What is your rclone version (output from rclone version)
latest
Which OS you are using and how many bits (eg Windows 7, 64 bit)
Docker image debian:stretch-slim
Which cloud storage system are you using? (eg Google Drive)
IBM Cloud Object Storage
The command you were trying to run (eg rclone copy /tmp remote:tmp)
Am I understanding it that basically the issue is that you have a file, the file is about to be backed up and from the source, it's gone so you get an error since it can't find it on the source?
Yes. In our source, we have many temporary files (tokens)
We don't need to backup them, but we can't distinguish short time tokens from long time tokens.
If during copying some file is not found, was deleted, it's ok, it should not be copied.
We would want to ignore such type of errors.
Is it possible?
That is a great idea. It will reduce the time from listing the file to transferring the file. If you make it too small it will impact performance. It will also impact the ETA times in the stats.
I think probably what you want is to set --retries 1 so rclone only tries once to do the backup, otherwise it will keep trying and keep getting a different set of errors.
We will try this option, thanks. We always have not more than 1000 objects, we will try to break it into chunks of 100
But it means that the action will fail in this 1 retry. There is a small chance that after retry it will take a list that won't be changed during copying. We don't change retries, it's 3 by default
Whether should be any correlation between --max-backlog and --transfers ?

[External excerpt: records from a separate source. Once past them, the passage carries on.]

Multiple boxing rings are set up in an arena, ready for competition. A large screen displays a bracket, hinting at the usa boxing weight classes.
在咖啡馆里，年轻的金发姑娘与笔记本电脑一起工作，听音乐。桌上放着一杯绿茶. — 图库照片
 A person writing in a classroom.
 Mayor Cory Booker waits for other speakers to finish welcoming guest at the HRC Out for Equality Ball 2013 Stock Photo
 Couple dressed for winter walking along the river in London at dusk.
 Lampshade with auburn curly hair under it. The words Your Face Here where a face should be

is it preferable that the backlog value be a multiple of transfers?
if I set them the same value, will this work optimally?
thanks
I found that when I decrease the value of max-backlog backup for small buckets (with a few files) takes much more time than before, but backup for big buckets (with a lot of files) takes much less time.
When --max-backlog=1 backup of the bucket with 18 000 files takes a few seconds (!!??), but the backup of the bucket with 90 files takes 5 minutes (!!??).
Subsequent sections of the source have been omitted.